▶ Raw data:
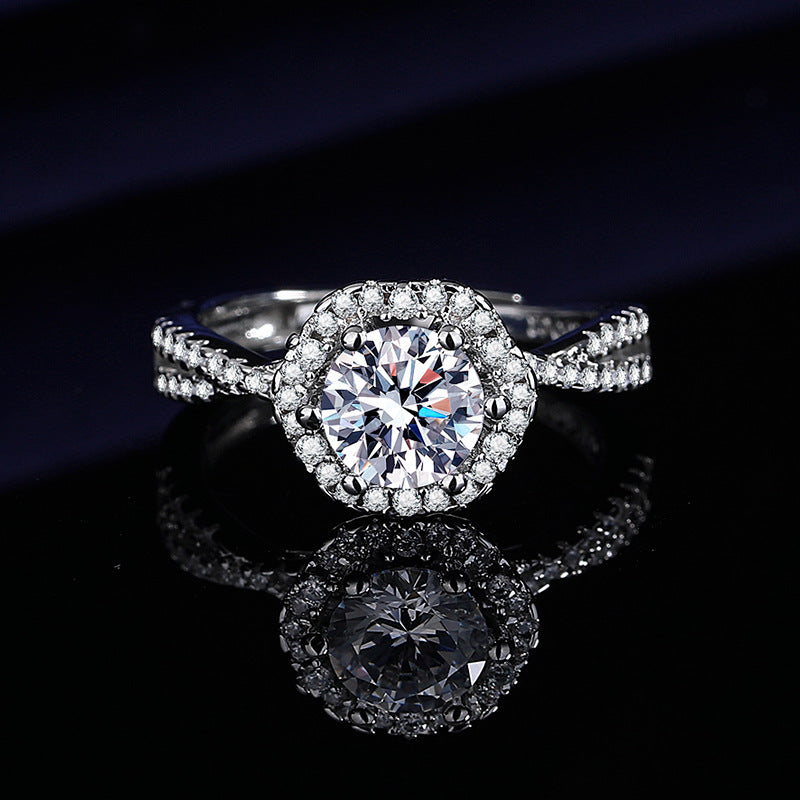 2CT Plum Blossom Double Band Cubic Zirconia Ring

...

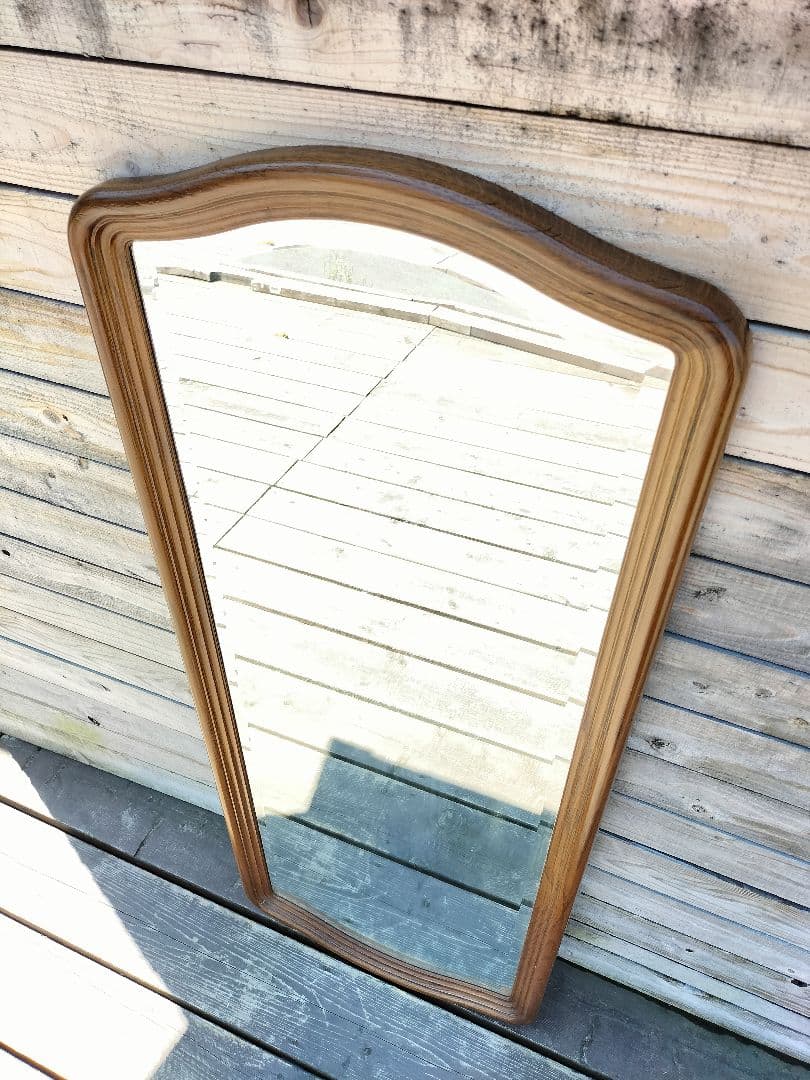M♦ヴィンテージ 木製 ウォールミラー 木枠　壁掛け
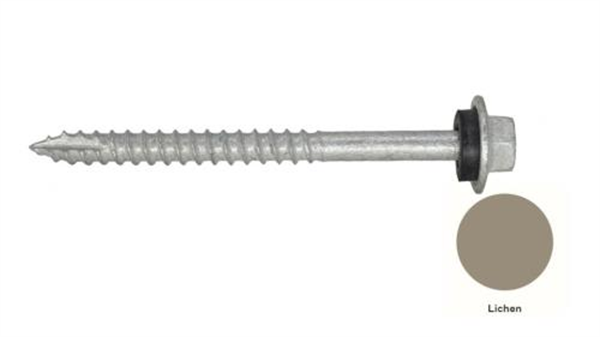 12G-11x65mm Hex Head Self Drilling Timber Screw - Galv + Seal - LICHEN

▶ Work order: What are the lines above from the one with "M♦ヴィンテージ 木製 ウォールミラー 木枠　壁掛け" to the one with "12G-11x65mm Hex Head", both included? Reproduce them exactly, without pictures.

▶ Reply to the exercise:
M♦ヴィンテージ 木製 ウォールミラー 木枠　壁掛け
 12G-11x65mm Hex Head Self Drilling Timber Screw - Galv + Seal - LICHEN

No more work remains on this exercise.